Activity:
Each line of data below must be printed exactly as written, with any pictures removed.

** Extracted information follows **

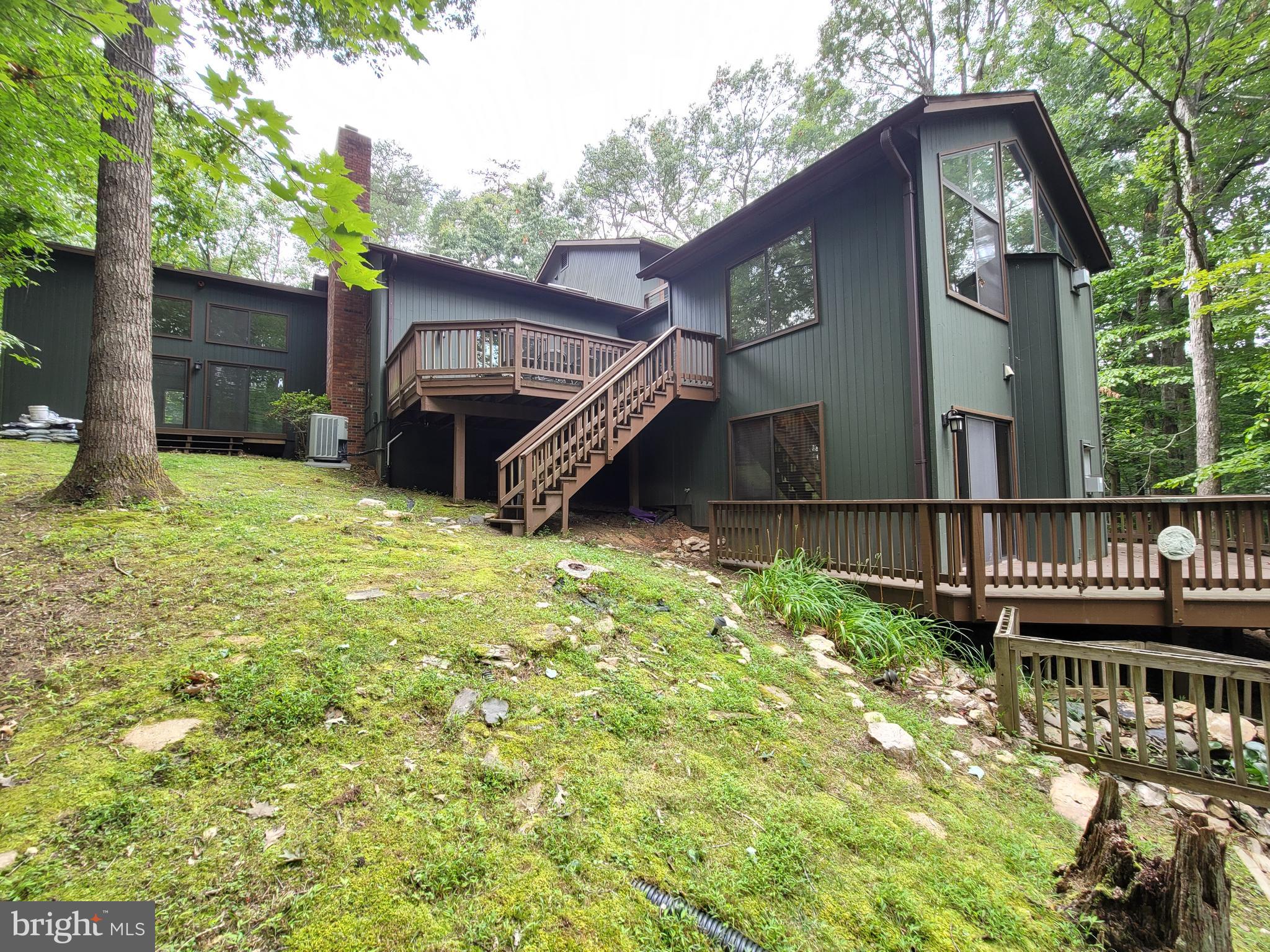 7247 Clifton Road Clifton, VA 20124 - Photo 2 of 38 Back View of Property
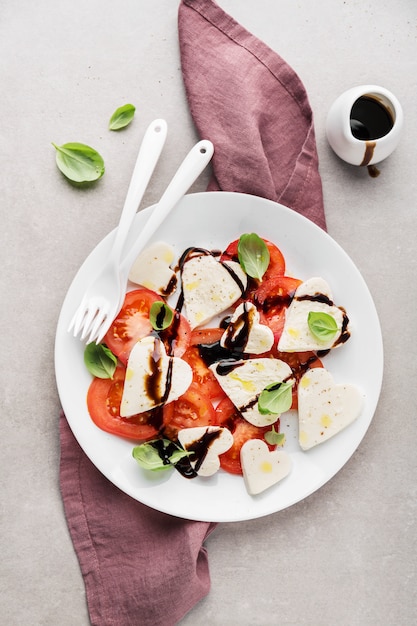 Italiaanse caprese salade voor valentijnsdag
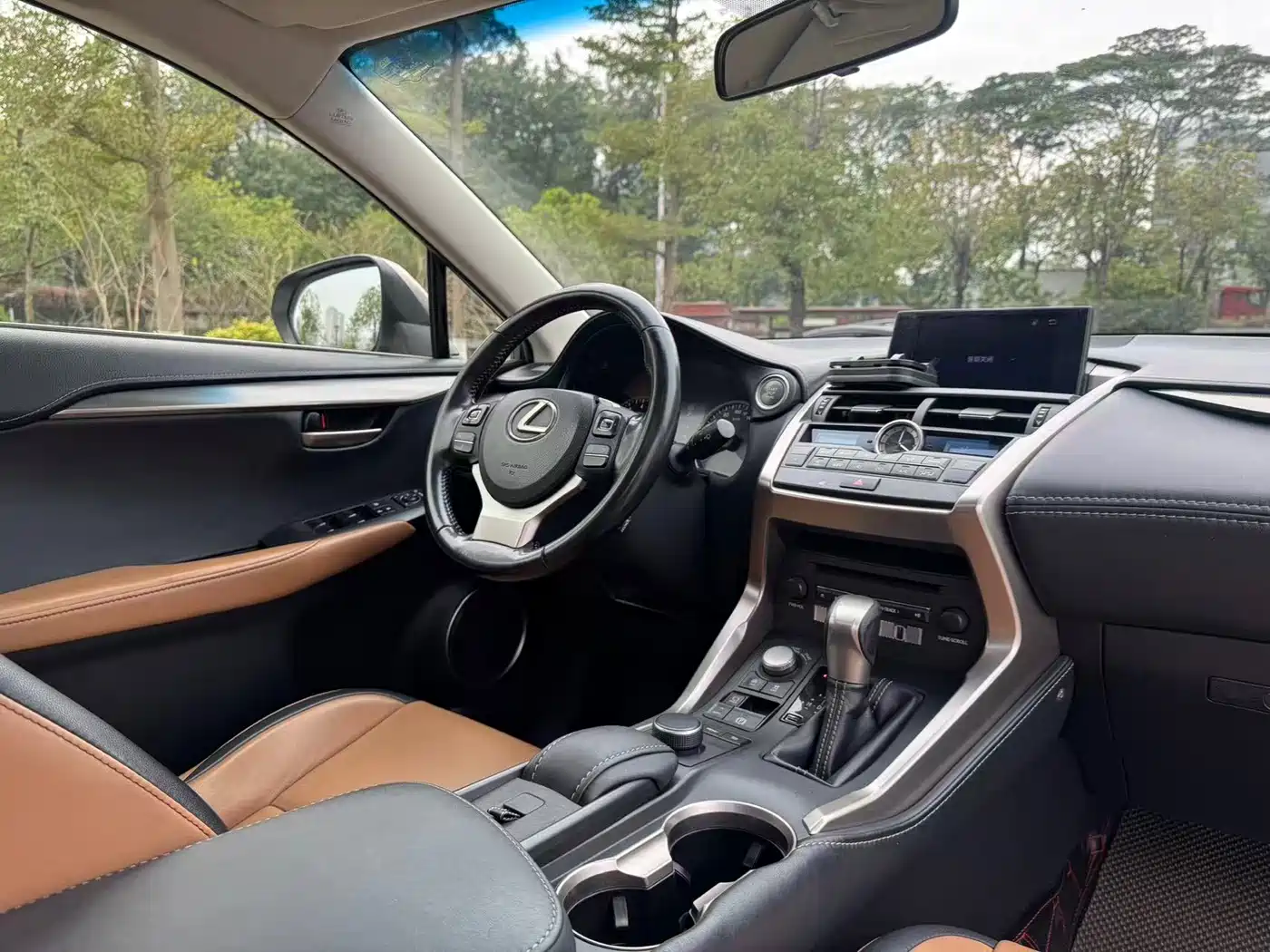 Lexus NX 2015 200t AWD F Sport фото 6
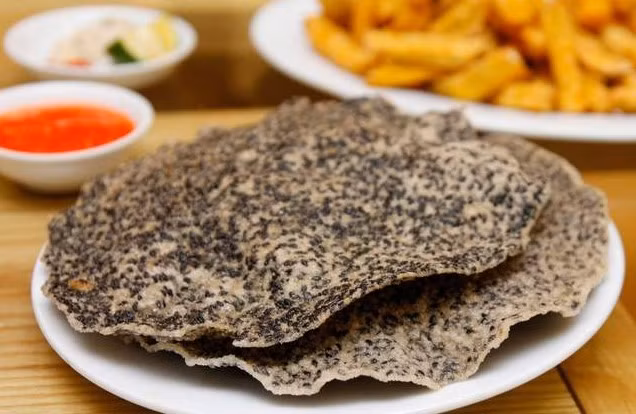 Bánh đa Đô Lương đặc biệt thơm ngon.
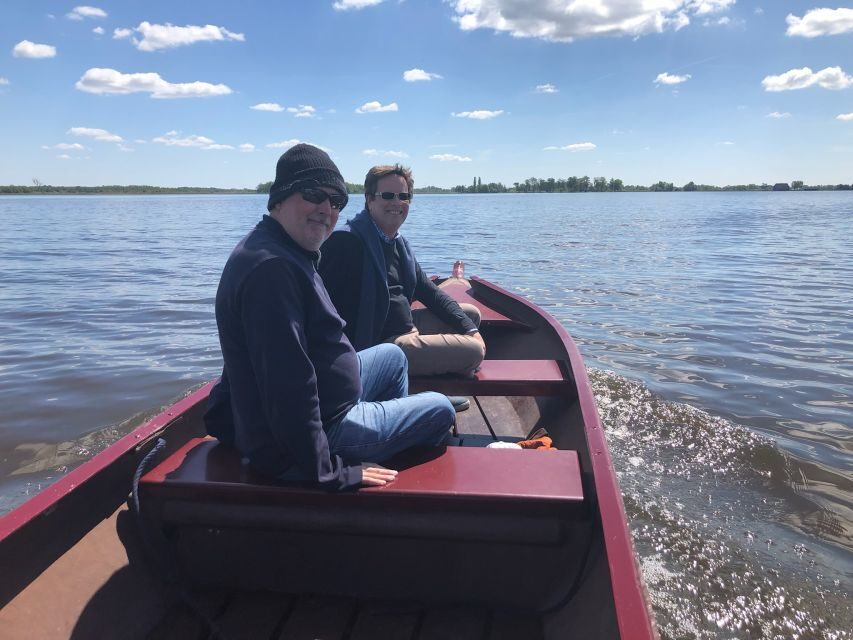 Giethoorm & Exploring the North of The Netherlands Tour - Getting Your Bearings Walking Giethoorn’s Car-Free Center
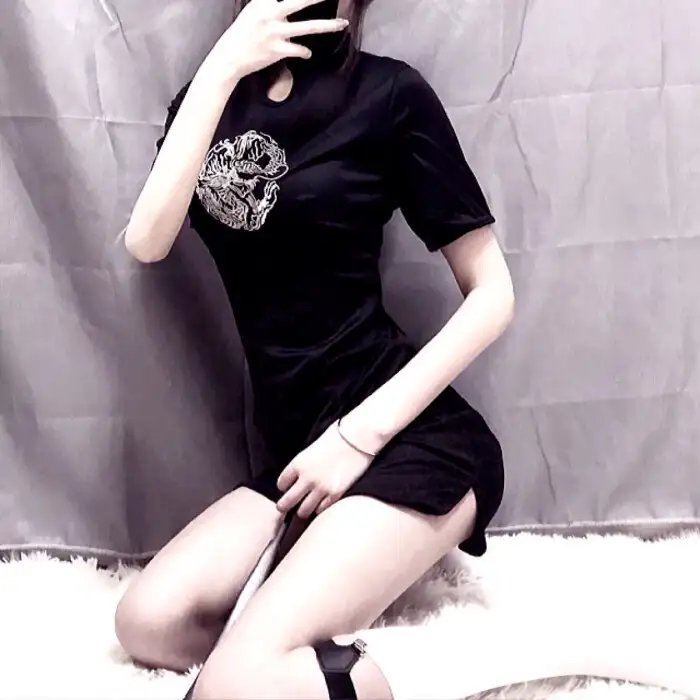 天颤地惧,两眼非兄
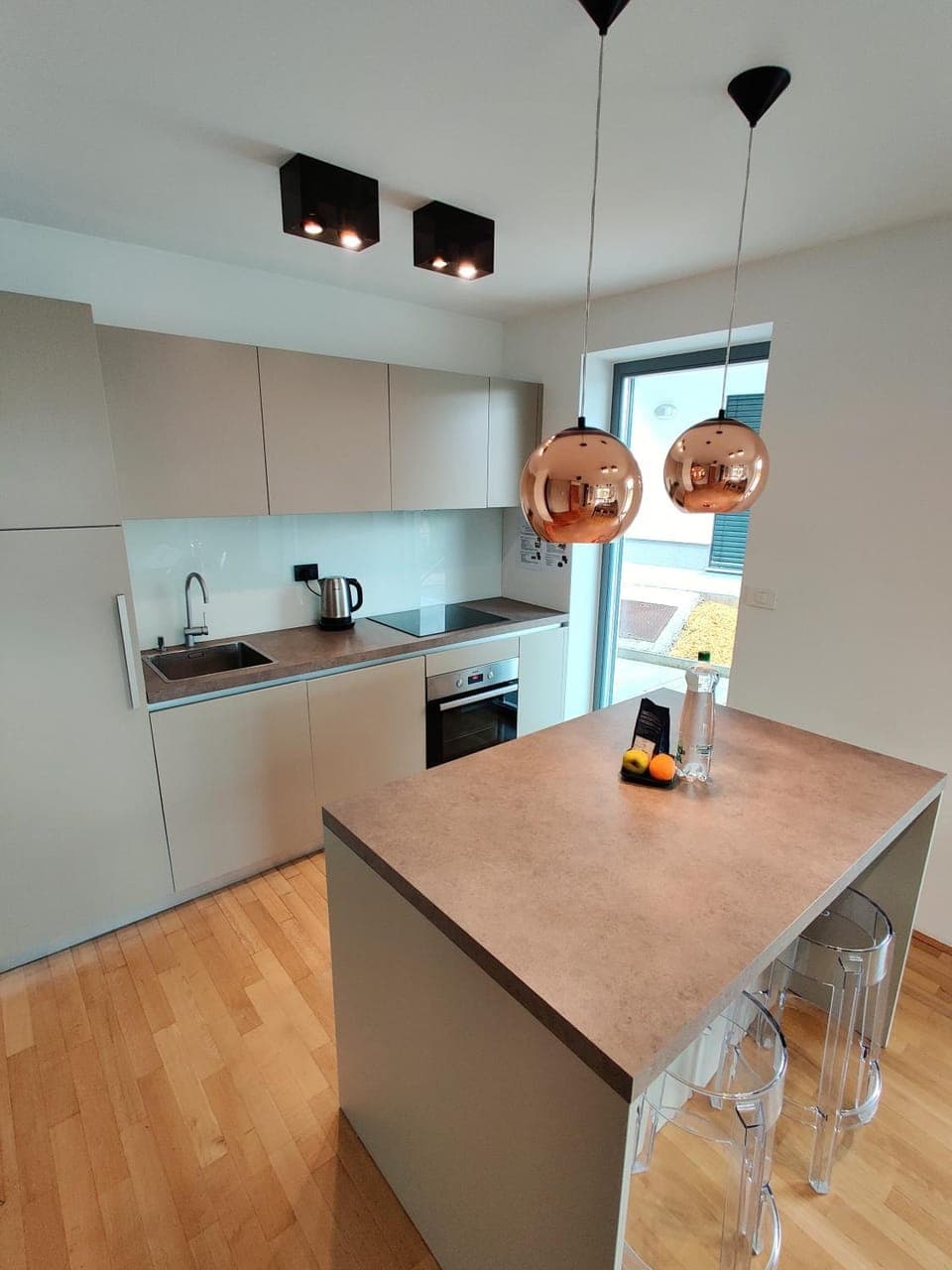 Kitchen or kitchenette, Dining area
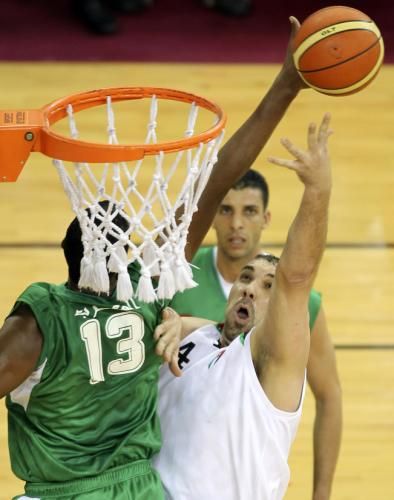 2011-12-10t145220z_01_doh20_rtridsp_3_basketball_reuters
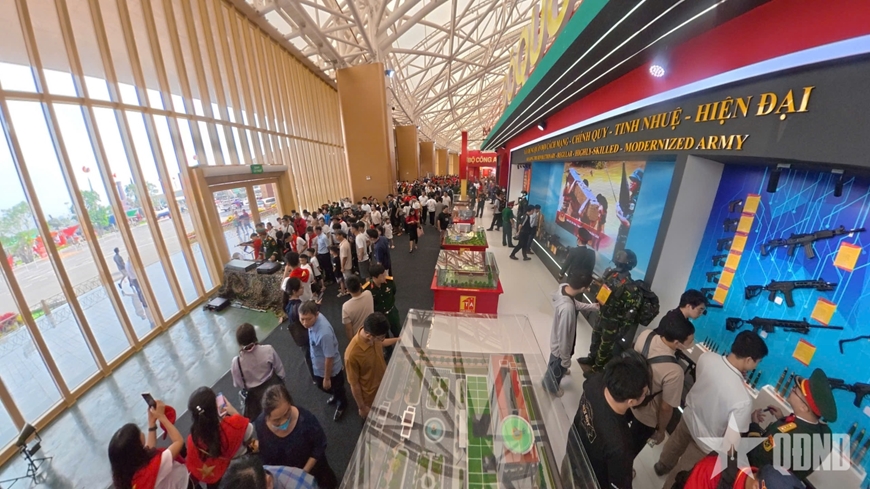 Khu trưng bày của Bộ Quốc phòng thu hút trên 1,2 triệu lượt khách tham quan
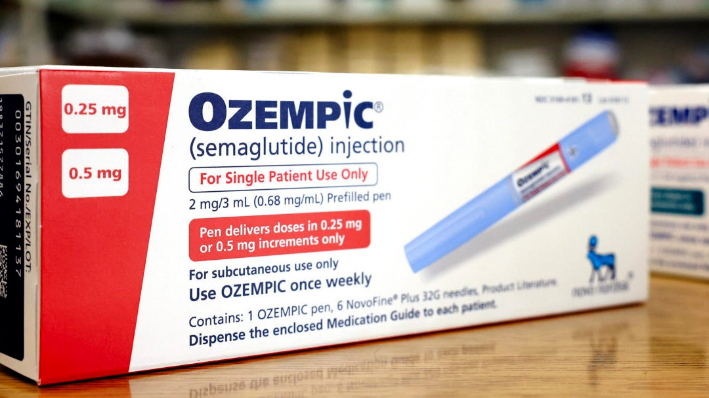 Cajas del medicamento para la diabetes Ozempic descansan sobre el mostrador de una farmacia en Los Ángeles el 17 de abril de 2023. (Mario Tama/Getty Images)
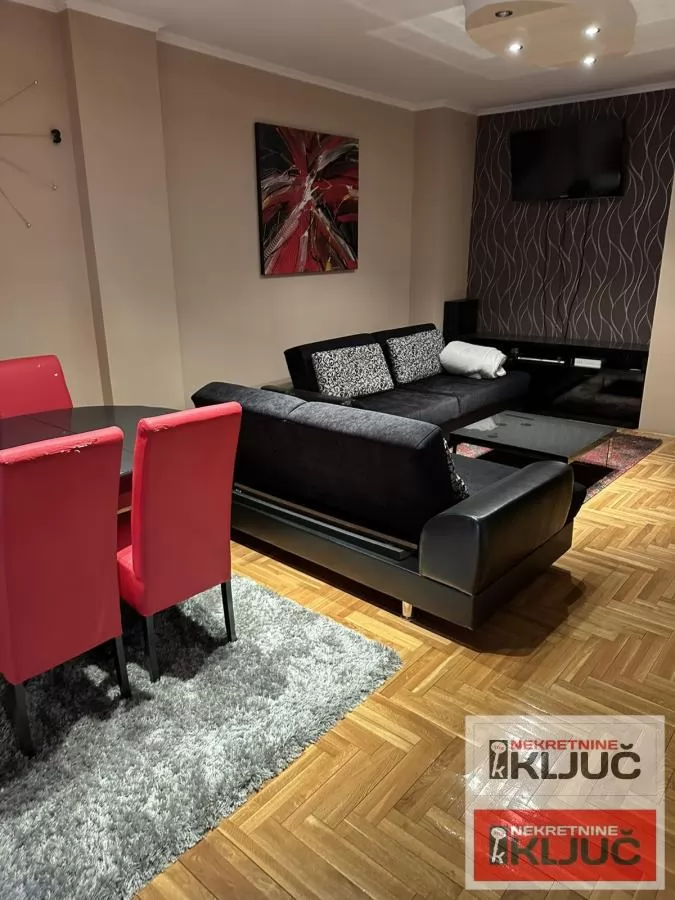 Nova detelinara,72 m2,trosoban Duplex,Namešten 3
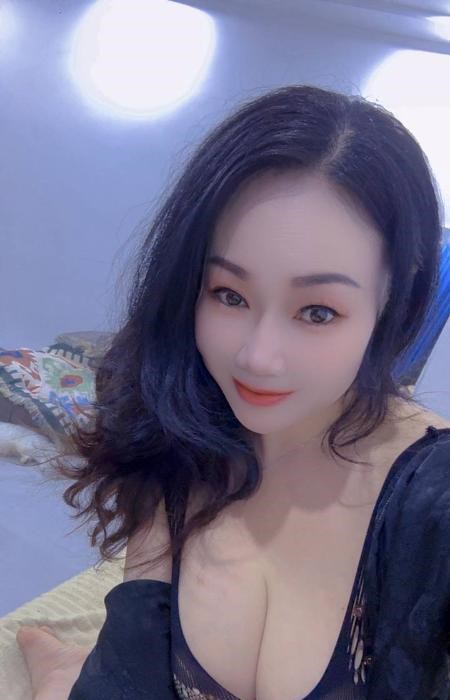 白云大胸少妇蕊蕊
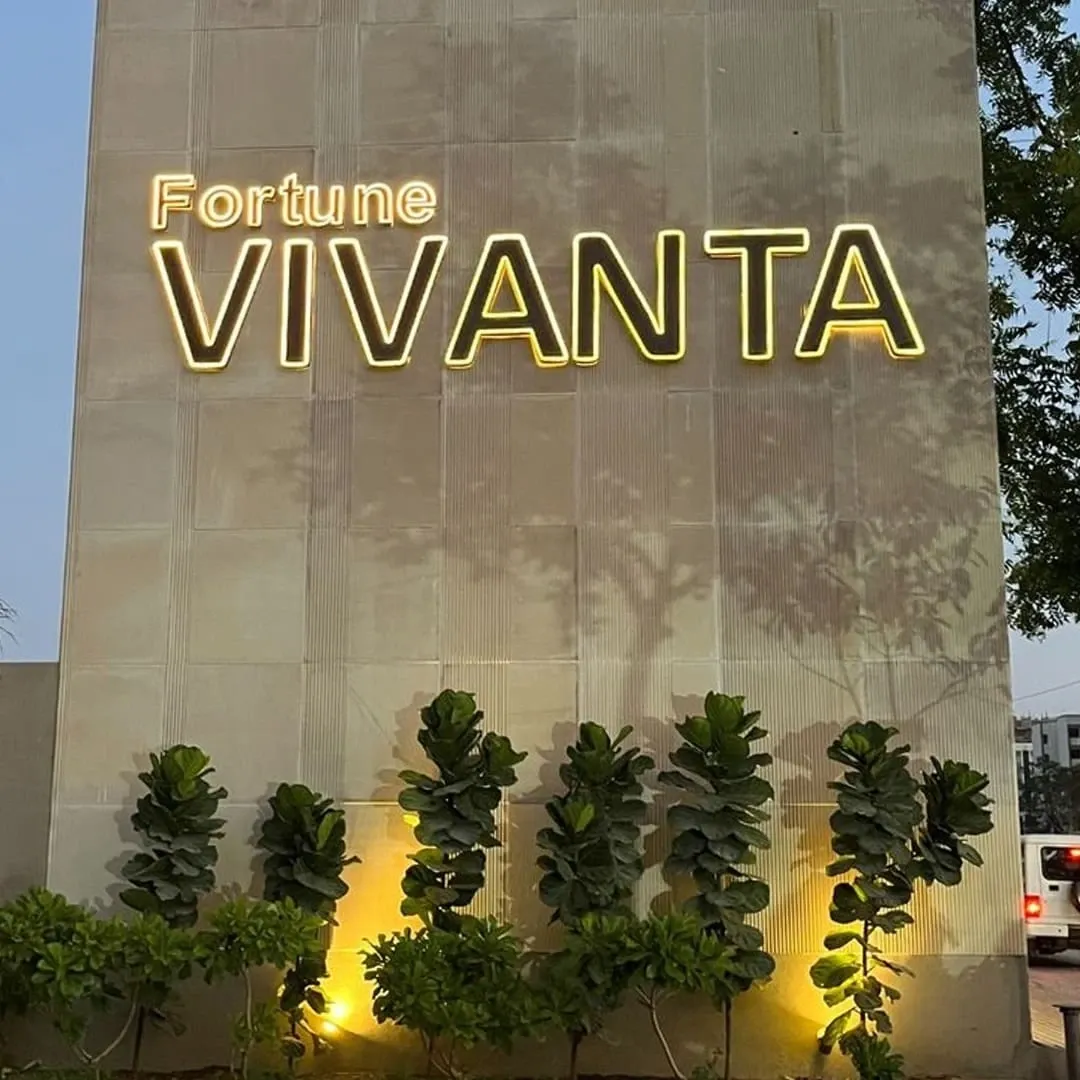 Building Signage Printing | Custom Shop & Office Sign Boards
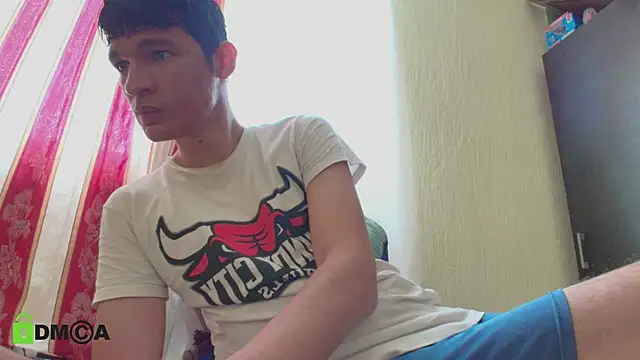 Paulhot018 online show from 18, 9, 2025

** End of Extracted information **

Reply:
 7247 Clifton Road Clifton, VA 20124 - Photo 2 of 38 Back View of Property
 Italiaanse caprese salade voor valentijnsdag
 Lexus NX 2015 200t AWD F Sport фото 6
 Bánh đa Đô Lương đặc biệt thơm ngon.
 Giethoorm & Exploring the North of The Netherlands Tour - Getting Your Bearings Walking Giethoorn’s Car-Free Center
 天颤地惧,两眼非兄
 Kitchen or kitchenette, Dining area
 2011-12-10t145220z_01_doh20_rtridsp_3_basketball_reuters
 Khu trưng bày của Bộ Quốc phòng thu hút trên 1,2 triệu lượt khách tham quan
 Cajas del medicamento para la diabetes Ozempic descansan sobre el mostrador de una farmacia en Los Ángeles el 17 de abril de 2023. (Mario Tama/Getty Images)
 Nova detelinara,72 m2,trosoban Duplex,Namešten 3
 白云大胸少妇蕊蕊
 Building Signage Printing | Custom Shop & Office Sign Boards
 Paulhot018 online show from 18, 9, 2025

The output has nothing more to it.